### INFORMATION SUPPLIED
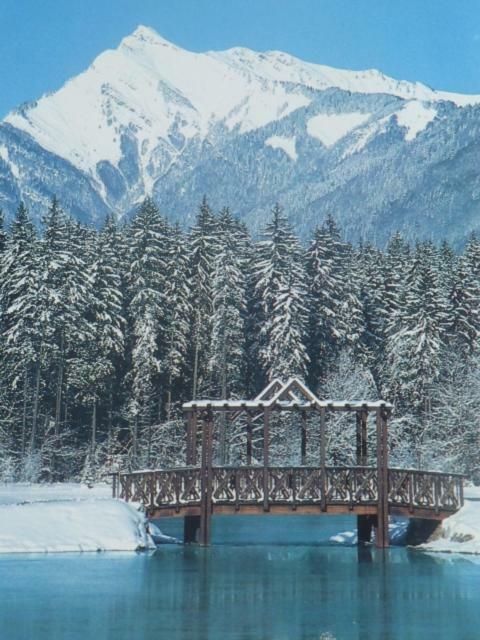 Samoens Studio Dış mekan fotoğraf
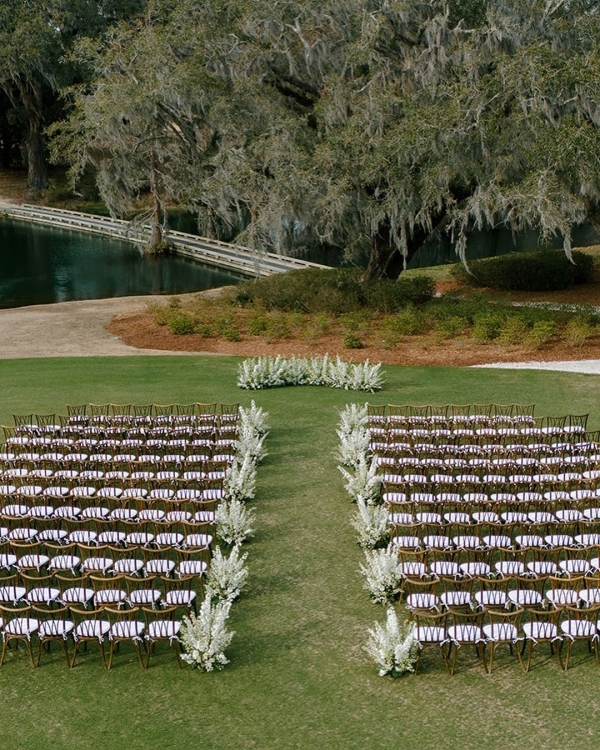 Behind the Camera: The Artistry of Julia Wade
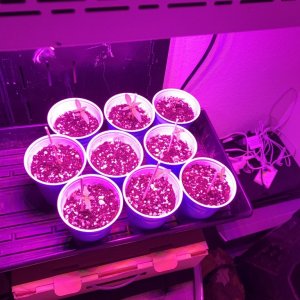 First grow 300W LED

### YOUR ASSIGNMENT
Pictures must be left out. Repeat exactly the lines from the one containing "Behind the Camera: The" through the final line of the data.

### WRITTEN REPLY
 Behind the Camera: The Artistry of Julia Wade
 First grow 300W LED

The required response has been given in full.